### THE PROBLEM
Nothing but an exact repeat of the data, with pictures removed, belongs in the answer.

### PROVIDED DATA
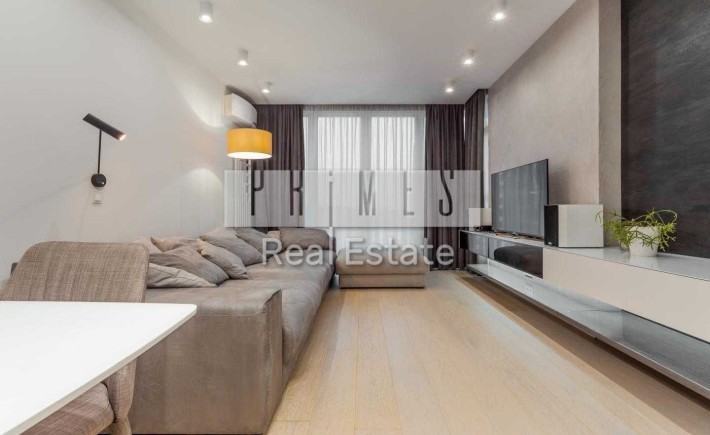 Оренда 3к квартири, ЖК Новопечерські Липки, вул. Андрія Верхогляда, 11 - фото 1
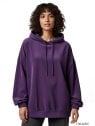 MOLDE POLERON OVERSIZE MUJER 2501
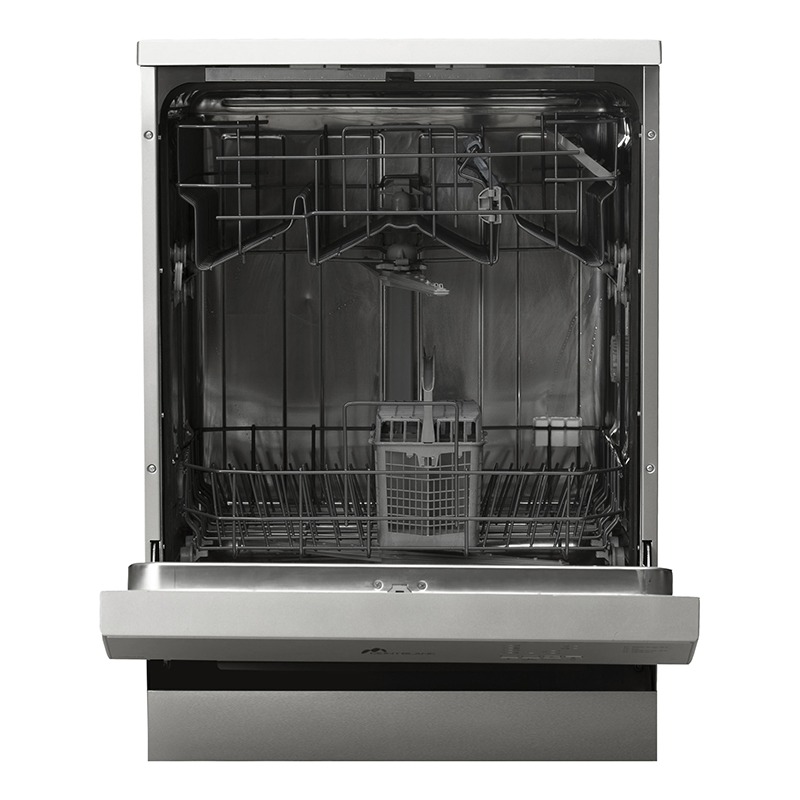 Lave Vaisselle MONTBLANC Camelia 12Couverts – Silver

### RESPONSE AREA
 Оренда 3к квартири, ЖК Новопечерські Липки, вул. Андрія Верхогляда, 11 - фото 1
 MOLDE POLERON OVERSIZE MUJER 2501
 Lave Vaisselle MONTBLANC Camelia 12Couverts – Silver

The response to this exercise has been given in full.